Paderewski was board in Cleveland, Ohio, and didn't speak English until age 6. In 1920, his family moved to Los Angeles. He spent one year at UCLA, before graduating with a bachelor's degree in architecture from UC Berkeley in 1932. After completing his architectural apprenticeship, Paderewski passed the California State Board Exam in 1944 and became a registered architect. At that time, he moved to San Diego and set-up his own practice.
In 1948 he founded Paderewski, Mitchell, and Dean AIA Architects with partners Delmar S. Mitchell and Louis A. Dean. He soon became known as both a civic leader and one of San Diego's outstanding architects.

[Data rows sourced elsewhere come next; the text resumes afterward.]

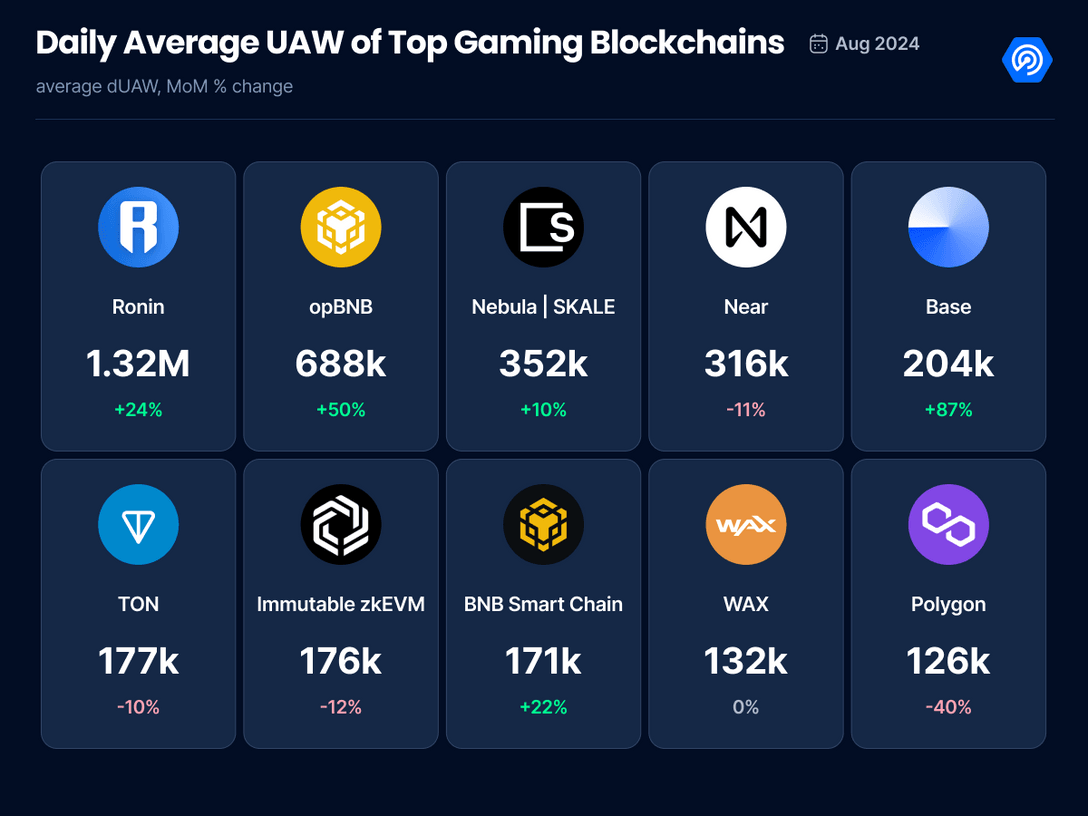SkaleNetwork's tweet photo. SKALE is now the third largest gaming blockchain with 316k daily average UAW in August! 🎮

@motodex_game (884k UAW) and @worldofdypians (644k UAW) are leading the way, ranked in the top 10 of all Web3 games.

Read the full @DappRadar Games Report: https://t.co/VkZa4793uJ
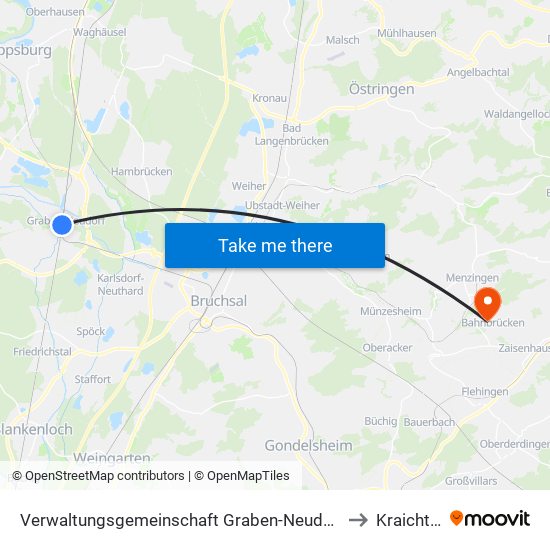 Verwaltungsgemeinschaft Graben-Neudorf to Kraichtal map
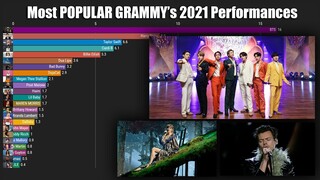 Most Popular Performances Artist Grammy Awards 2021 Worldwide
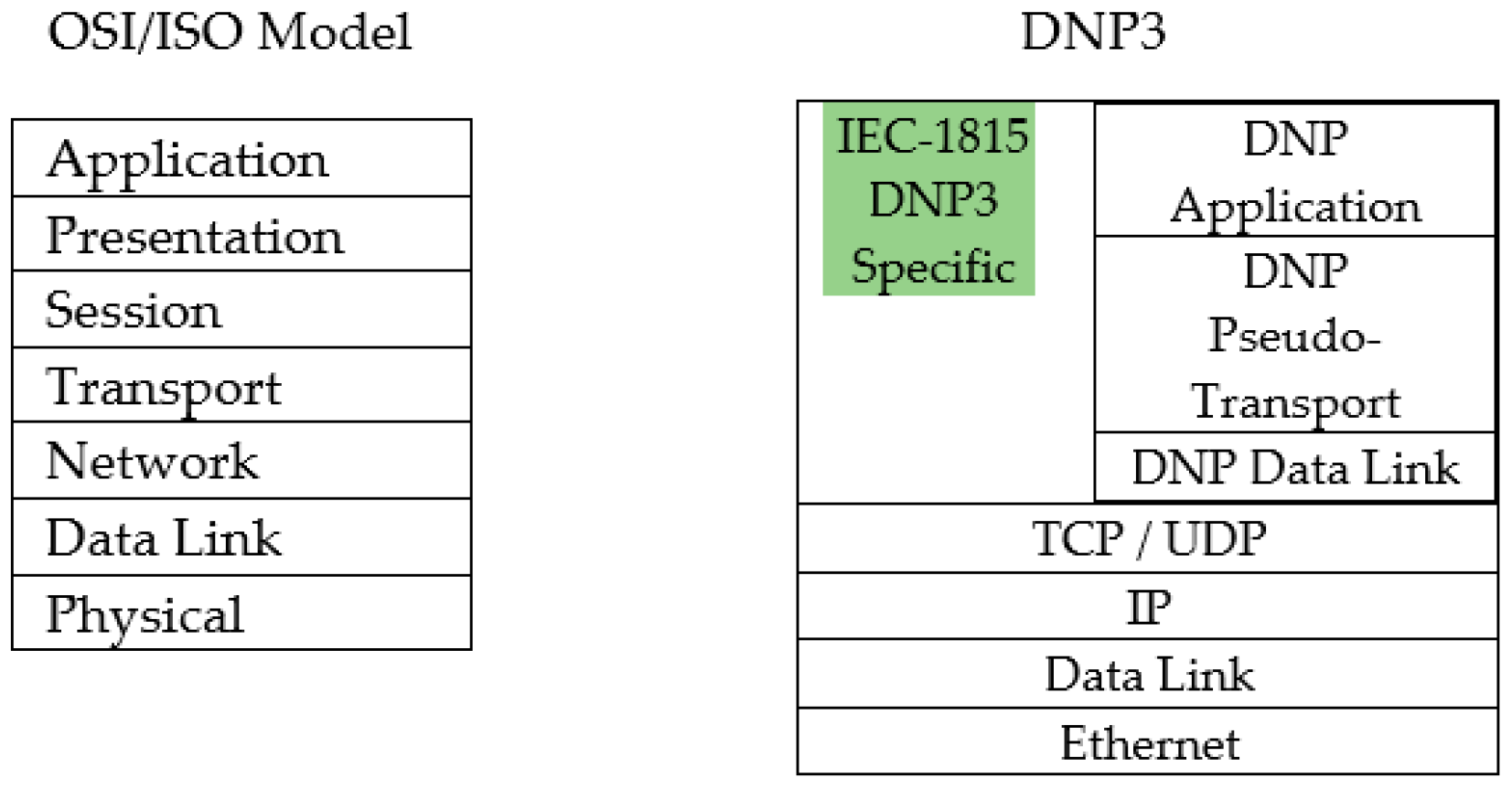Sensors 19 04952 g001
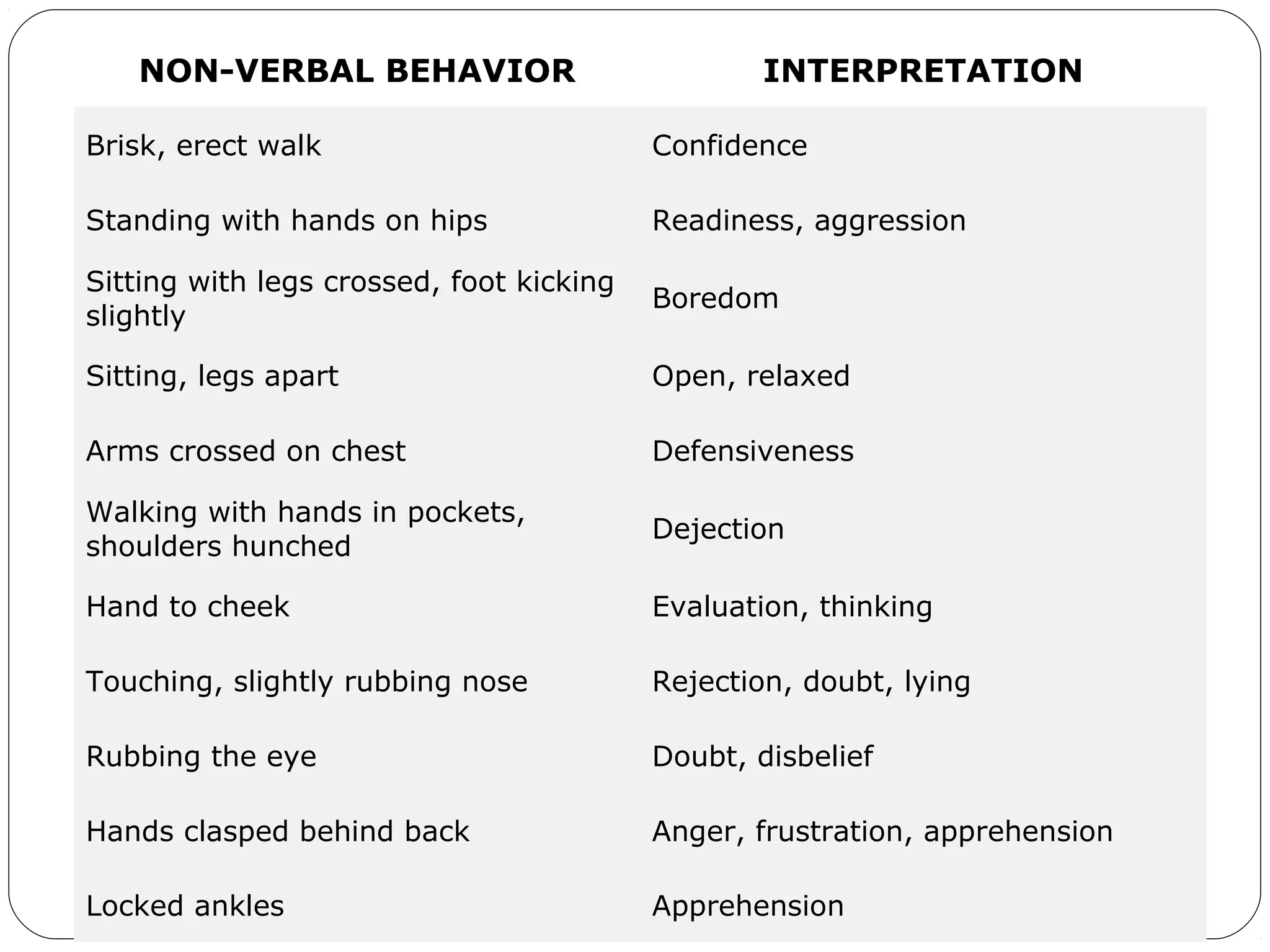 Body Language
NON-VERBAL BEHAVIOR INTERPRETATION
Brisk, erect walk Confidence
Standing with hands on hips Readiness, aggression
Sitting with legs crossed, foot kicking
slightly
Boredom
Sitting, legs apart Open, relaxed
Arms crossed on chest Defensiveness
Walking with hands in pockets,
shoulders hunched
Dejection
Hand to cheek Evaluation, thinking
Touching, slightly rubbing nose Rejection, doubt, lying
Rubbing the eye Doubt, disbelief
Hands clasped behind back Anger, frustration, apprehension
Locked ankles Apprehension
 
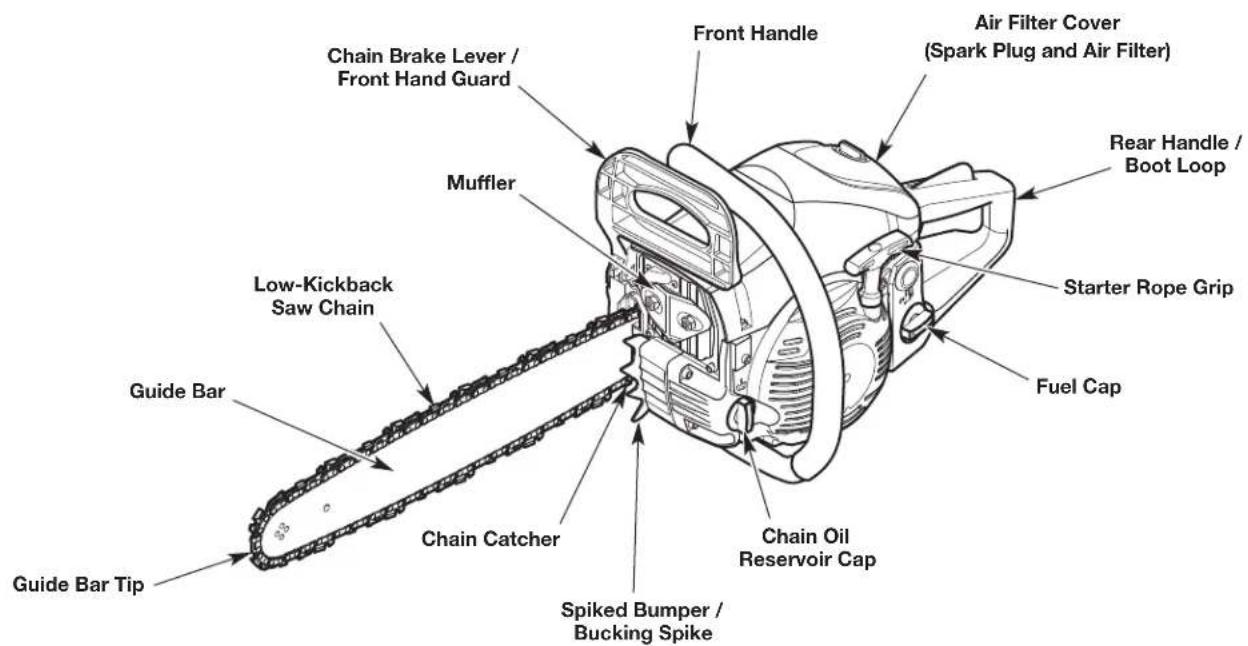 REMINGTON RM4218 - ASSEMBLY TOOLS REQUIRED: - 2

Paderewski's architectural contributions include the forward-thinking Buckminster Fuller-esque geodesic dome on the Palomar College campus, the first exterior all-glass elevator on the El Cortez Hotel (1956, now demolished) and San Diego's Lindbergh Field Terminal.
In 1962, he was elected to the American Institute of Architects College of Fellows. In 1982, he was invested in the "Order of Polonia Restituta" by the Polish Government in Exile, for his service to the architecture profession and for a lifetime of service to Poles in the United States.